John and God were both honest in their answers, and sometimes the answers hurt. I also found credible sources of scientific studies that had been repressed by popular opinion and groups with political agendas that supported what I was seeing in John.

However, the final component was the answer I received after yet another heartfelt prayer about my desires, my fears, and my commitment to doing whatever God asked. Through the Holy Spirit speaking to my heart, I was told that I could choose. If I decided to end things with John, there would be no condemnation, because God knew how much he was asking of me. However, if I chose to stay with John, things would be ok.
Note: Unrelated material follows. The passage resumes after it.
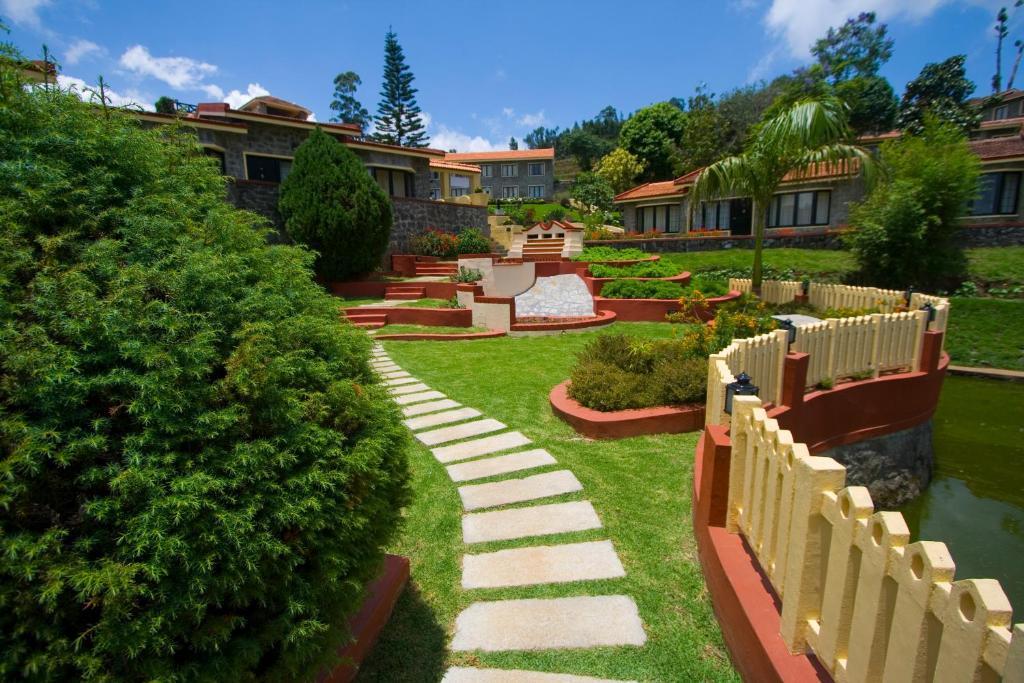 Green Pastures - A Hill Country Resort 코다이카날 외부 사진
That’s the beginning of how I learned that God’s ok looks a lot different from my ok. There have been tons of consequences. John became the final tool that my ex needed to drive a wedge between me and my children, and one-by-one I had to let them go to preserve what was left of their childhood. I have endured people taking my ex-husband acting like an idiot and hurling insults at my husband (then boyfriend) as gospel truth. I have even learned the expediency of separating John from parts of my life to avoid the headaches of dealing with people who don’t want to think and consider — they just want to quickly pigeon-hole my husband as a non-human and go on their way.
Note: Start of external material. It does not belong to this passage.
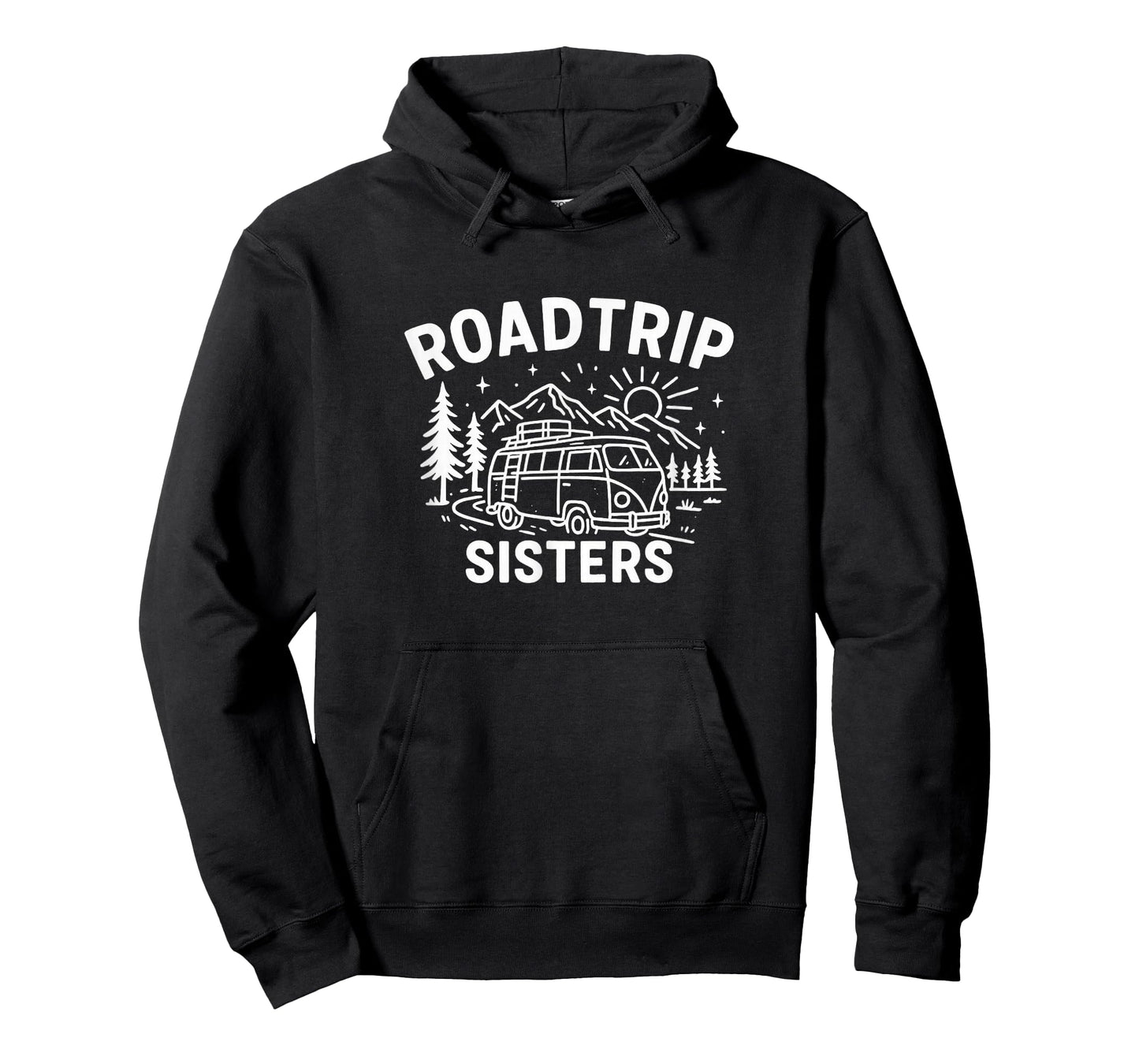 Roadtrip Sisters - T-Shirt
The blessings, however, have been so much more numerous than the trials, and I have never truly regretted choosing John as my husband and eternal companion.
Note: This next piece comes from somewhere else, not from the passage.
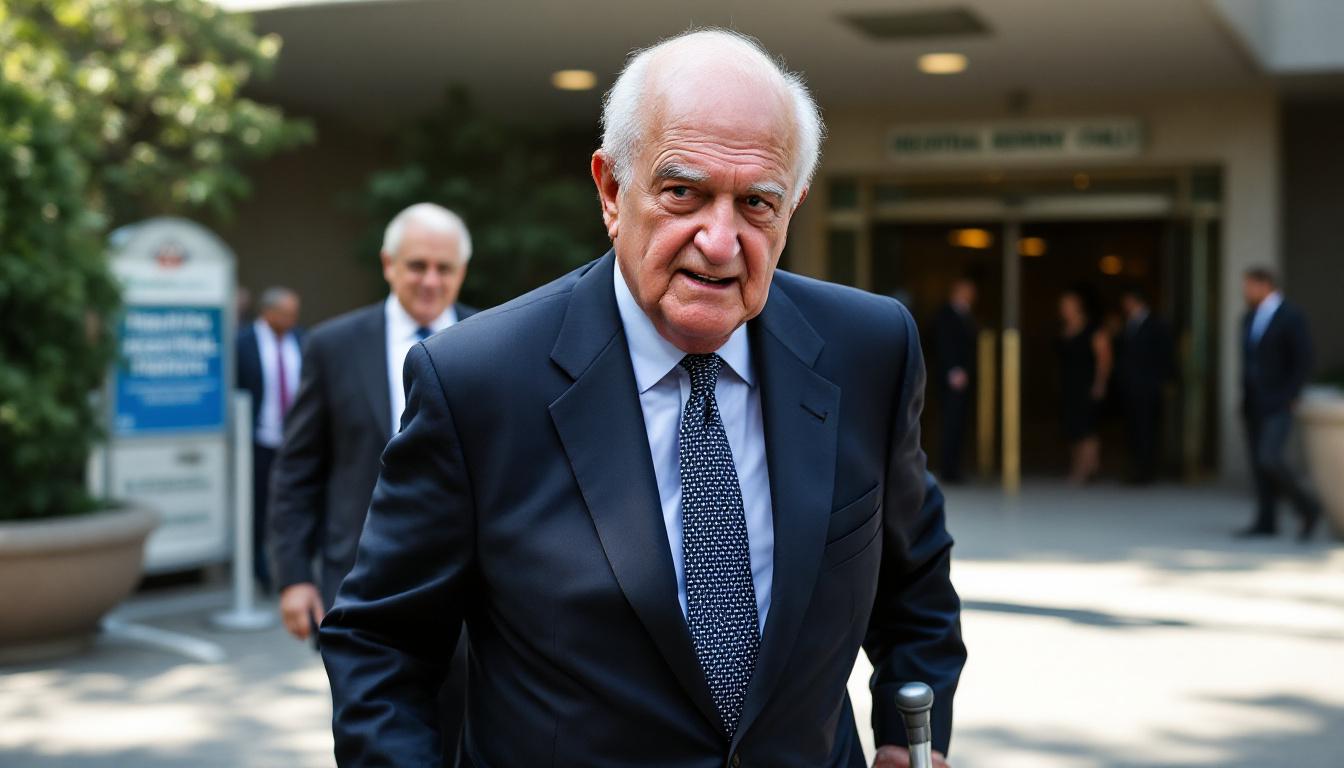 rudy giuliani, ancien maire de new york, a été victime d'un accident de voiture. découvrez les détails de l'incident et l'état de santé de cette figure politique américaine.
What are some of those blessings?

  • By watching John, I learned that committing to walking with the Savior and staying worthy of the companionship of the Holy Spirit — especially through honest heartfelt prayer and deep daily study of the scriptures — truly creates a change in a person. There is an amazing change of heart, mind, spirit, and core character. It wasn’t an overnight process, it’s an ongoing process. I am blessed to wake up to a man who is better each day than he was the day before.
  • When it was my turn to use the church’s twelve-step guidebook to overcome unhealthy patterns that I developed in childhood, John was right there as my anchor and guide. He never pushed me to change or follow the program, but he cheered me on the whole way. As I continue to follow his example of prayer, study, and improvement, he continues to be my rock and my cheerleader.
  • I have learned that God’s promises trump conventional wisdom every time. It doesn’t matter what “everybody knows,” it matters what God says. God cannot lie, and God is all-knowing and all-powerful. If He promises something, it’s as good as done. The only limiting factor is our willingness to be obedient and do our part.
  • Sooner or later, the evidence points back to what God says. As a case in point, check out this study by a Johns-Hopkins psychiatry professor and what “everybody knows” about gender and sexuality.
  • True repentance is much more than saying a quick “I’m sorry” prayer and promising not to do it again. God intends to make us into people who are just like him. Repentance has to go deeper if we are going to be changed! LDS.org has a great overview of repentance (make sure you click the “more” spot and read the scripture references).
  • I have learned that the greatest obstacle facing people who have made “giant mistakes” in their lives is the unwillingness of the people around them to let them grow, change, and become a benefit to society. The reactions of others, the feeling of being pushed to the side — – of being something less than human — causes a sense of hopelessness that breeds anger and resentment and inhibits each person’s ability to find the strength to change.

Perhaps the biggest blessing is that, over time, I have learned to stop worrying about how people will react, what people will say, and what people will do. I have learned that, even if things look like they are going worse in the moment, following spiritual promptings always brings greater blessings than “choking” out of fear. God takes care of the consequences when we do what He asks!

Meanwhile, I am enjoying a marriage based on friendship, love, and a mutual commitment to living the gospel. I finally understand the sentiment that home really can be heaven on earth!